| Task brief |
Everything in the listing below needs to be retyped exactly.
== Segment start ==
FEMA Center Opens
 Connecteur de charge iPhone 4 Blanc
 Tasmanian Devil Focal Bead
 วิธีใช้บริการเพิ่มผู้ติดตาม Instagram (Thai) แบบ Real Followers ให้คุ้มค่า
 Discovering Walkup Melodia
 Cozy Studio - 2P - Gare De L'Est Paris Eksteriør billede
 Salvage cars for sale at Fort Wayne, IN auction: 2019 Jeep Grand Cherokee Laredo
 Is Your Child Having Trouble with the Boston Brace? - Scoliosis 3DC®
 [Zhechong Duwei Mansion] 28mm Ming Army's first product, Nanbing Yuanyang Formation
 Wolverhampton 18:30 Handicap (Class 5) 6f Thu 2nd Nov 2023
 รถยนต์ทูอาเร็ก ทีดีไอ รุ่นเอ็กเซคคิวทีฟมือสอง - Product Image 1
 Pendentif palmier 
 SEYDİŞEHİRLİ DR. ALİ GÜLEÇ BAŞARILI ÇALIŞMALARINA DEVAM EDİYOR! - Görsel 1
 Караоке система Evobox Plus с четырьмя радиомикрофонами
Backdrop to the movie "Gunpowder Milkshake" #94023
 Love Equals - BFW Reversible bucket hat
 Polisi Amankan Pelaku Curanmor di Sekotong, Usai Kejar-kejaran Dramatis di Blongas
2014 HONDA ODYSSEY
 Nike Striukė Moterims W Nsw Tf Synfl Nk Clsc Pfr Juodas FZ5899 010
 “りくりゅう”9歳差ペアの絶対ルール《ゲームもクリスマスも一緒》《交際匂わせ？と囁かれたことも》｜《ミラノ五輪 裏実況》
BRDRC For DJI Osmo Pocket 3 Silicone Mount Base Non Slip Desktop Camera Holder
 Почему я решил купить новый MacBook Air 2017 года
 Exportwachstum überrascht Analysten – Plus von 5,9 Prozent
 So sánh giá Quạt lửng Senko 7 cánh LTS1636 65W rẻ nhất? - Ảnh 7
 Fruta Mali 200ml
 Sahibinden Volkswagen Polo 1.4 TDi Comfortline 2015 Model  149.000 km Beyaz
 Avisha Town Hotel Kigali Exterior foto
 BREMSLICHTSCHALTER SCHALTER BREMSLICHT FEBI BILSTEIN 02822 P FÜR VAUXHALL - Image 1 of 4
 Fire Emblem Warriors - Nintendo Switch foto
== Segment end ==
| Response to this exercise |
FEMA Center Opens
 Connecteur de charge iPhone 4 Blanc
 Tasmanian Devil Focal Bead
 วิธีใช้บริการเพิ่มผู้ติดตาม Instagram (Thai) แบบ Real Followers ให้คุ้มค่า
 Discovering Walkup Melodia
 Cozy Studio - 2P - Gare De L'Est Paris Eksteriør billede
 Salvage cars for sale at Fort Wayne, IN auction: 2019 Jeep Grand Cherokee Laredo
 Is Your Child Having Trouble with the Boston Brace? - Scoliosis 3DC®
 [Zhechong Duwei Mansion] 28mm Ming Army's first product, Nanbing Yuanyang Formation
 Wolverhampton 18:30 Handicap (Class 5) 6f Thu 2nd Nov 2023
 รถยนต์ทูอาเร็ก ทีดีไอ รุ่นเอ็กเซคคิวทีฟมือสอง - Product Image 1
 Pendentif palmier 
 SEYDİŞEHİRLİ DR. ALİ GÜLEÇ BAŞARILI ÇALIŞMALARINA DEVAM EDİYOR! - Görsel 1
 Караоке система Evobox Plus с четырьмя радиомикрофонами
Backdrop to the movie "Gunpowder Milkshake" #94023
 Love Equals - BFW Reversible bucket hat
 Polisi Amankan Pelaku Curanmor di Sekotong, Usai Kejar-kejaran Dramatis di Blongas
2014 HONDA ODYSSEY
 Nike Striukė Moterims W Nsw Tf Synfl Nk Clsc Pfr Juodas FZ5899 010
 “りくりゅう”9歳差ペアの絶対ルール《ゲームもクリスマスも一緒》《交際匂わせ？と囁かれたことも》｜《ミラノ五輪 裏実況》
BRDRC For DJI Osmo Pocket 3 Silicone Mount Base Non Slip Desktop Camera Holder
 Почему я решил купить новый MacBook Air 2017 года
 Exportwachstum überrascht Analysten – Plus von 5,9 Prozent
 So sánh giá Quạt lửng Senko 7 cánh LTS1636 65W rẻ nhất? - Ảnh 7
 Fruta Mali 200ml
 Sahibinden Volkswagen Polo 1.4 TDi Comfortline 2015 Model  149.000 km Beyaz
 Avisha Town Hotel Kigali Exterior foto
 BREMSLICHTSCHALTER SCHALTER BREMSLICHT FEBI BILSTEIN 02822 P FÜR VAUXHALL - Image 1 of 4
 Fire Emblem Warriors - Nintendo Switch foto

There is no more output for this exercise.